Task: Up to and including the line with "MILLENIUM B90 #1215", reproduce the listing below exactly, beginning at its first line.

Supplied data:
+---+

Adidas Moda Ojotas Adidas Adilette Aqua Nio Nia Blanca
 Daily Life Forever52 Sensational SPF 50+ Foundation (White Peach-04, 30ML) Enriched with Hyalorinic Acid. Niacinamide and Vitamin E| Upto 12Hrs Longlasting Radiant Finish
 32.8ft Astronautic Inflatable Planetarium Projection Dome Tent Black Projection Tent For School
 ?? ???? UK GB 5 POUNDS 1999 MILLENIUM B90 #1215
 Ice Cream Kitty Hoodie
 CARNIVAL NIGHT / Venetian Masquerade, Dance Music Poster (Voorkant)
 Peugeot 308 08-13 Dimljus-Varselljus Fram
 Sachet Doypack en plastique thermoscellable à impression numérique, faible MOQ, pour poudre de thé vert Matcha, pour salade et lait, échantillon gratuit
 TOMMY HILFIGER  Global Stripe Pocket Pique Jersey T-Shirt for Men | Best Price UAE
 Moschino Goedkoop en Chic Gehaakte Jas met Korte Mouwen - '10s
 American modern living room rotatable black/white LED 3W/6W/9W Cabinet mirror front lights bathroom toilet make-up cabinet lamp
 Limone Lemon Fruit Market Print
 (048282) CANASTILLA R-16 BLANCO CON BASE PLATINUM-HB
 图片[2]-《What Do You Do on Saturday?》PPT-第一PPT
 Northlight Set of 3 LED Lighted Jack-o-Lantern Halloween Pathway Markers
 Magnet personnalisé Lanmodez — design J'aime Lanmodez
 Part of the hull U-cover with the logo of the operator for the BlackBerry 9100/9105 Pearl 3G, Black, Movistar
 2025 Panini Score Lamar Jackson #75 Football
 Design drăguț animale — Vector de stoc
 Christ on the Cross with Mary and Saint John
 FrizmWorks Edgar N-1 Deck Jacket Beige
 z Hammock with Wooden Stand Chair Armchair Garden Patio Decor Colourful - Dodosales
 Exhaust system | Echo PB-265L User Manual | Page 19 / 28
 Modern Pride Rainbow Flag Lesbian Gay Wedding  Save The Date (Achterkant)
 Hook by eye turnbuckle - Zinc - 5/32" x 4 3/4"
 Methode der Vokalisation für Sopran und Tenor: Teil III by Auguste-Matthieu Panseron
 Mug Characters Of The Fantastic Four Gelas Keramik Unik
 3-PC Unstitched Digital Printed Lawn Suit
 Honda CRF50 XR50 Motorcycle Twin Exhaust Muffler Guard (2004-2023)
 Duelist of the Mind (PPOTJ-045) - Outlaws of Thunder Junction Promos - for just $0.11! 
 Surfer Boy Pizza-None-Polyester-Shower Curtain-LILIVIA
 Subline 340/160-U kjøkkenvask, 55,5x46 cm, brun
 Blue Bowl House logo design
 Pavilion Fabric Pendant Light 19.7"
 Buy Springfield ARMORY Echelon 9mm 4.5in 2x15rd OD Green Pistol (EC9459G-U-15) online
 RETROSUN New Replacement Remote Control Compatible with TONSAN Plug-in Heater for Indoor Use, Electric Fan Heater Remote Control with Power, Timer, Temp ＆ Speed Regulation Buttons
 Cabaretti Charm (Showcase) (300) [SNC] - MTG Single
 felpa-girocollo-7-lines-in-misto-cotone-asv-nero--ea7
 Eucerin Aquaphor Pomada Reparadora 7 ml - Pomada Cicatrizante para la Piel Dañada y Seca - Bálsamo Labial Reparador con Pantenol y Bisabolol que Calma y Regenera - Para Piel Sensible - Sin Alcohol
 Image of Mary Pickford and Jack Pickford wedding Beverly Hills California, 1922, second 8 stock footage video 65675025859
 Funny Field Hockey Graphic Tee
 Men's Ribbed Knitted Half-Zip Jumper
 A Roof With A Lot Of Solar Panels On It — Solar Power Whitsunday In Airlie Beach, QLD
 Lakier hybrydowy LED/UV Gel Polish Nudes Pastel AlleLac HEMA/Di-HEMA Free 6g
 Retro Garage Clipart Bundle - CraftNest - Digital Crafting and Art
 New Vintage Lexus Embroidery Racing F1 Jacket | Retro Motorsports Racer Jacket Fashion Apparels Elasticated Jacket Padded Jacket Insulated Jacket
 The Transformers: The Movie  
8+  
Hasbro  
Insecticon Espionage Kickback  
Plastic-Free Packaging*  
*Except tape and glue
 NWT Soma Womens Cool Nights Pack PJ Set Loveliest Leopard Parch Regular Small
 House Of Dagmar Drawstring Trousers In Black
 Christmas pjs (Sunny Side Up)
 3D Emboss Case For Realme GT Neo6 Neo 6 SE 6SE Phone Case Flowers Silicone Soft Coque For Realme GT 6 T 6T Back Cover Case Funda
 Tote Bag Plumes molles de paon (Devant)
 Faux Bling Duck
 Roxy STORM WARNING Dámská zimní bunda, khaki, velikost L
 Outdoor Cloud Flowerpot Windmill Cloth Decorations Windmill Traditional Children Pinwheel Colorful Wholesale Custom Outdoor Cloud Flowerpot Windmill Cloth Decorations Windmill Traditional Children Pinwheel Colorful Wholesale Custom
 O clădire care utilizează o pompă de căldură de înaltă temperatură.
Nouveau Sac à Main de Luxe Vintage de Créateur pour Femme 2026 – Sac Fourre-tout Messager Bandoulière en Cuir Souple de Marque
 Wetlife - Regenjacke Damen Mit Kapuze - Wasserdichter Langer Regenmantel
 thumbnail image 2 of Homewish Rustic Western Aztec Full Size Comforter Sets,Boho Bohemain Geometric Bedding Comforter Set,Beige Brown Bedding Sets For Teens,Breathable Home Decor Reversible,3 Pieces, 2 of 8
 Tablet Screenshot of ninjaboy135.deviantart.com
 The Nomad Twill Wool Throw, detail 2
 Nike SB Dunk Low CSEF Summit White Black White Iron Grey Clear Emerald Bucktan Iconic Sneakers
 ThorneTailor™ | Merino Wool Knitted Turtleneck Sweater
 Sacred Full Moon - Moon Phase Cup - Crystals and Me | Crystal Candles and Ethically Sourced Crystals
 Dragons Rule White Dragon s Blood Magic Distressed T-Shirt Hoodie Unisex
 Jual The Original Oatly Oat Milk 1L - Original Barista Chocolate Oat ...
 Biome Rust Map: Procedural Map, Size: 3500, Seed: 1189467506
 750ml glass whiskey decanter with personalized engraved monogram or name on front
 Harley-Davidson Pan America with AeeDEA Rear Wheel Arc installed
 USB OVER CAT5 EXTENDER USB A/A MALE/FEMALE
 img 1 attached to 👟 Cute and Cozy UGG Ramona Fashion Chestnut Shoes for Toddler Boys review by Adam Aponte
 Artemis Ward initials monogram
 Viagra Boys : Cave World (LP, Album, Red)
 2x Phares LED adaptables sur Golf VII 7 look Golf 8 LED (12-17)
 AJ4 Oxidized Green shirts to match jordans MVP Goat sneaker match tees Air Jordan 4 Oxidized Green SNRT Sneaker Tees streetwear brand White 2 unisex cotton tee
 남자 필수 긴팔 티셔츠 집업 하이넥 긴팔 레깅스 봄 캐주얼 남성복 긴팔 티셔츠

+---+

Your solution:
Adidas Moda Ojotas Adidas Adilette Aqua Nio Nia Blanca
 Daily Life Forever52 Sensational SPF 50+ Foundation (White Peach-04, 30ML) Enriched with Hyalorinic Acid. Niacinamide and Vitamin E| Upto 12Hrs Longlasting Radiant Finish
 32.8ft Astronautic Inflatable Planetarium Projection Dome Tent Black Projection Tent For School
 ?? ???? UK GB 5 POUNDS 1999 MILLENIUM B90 #1215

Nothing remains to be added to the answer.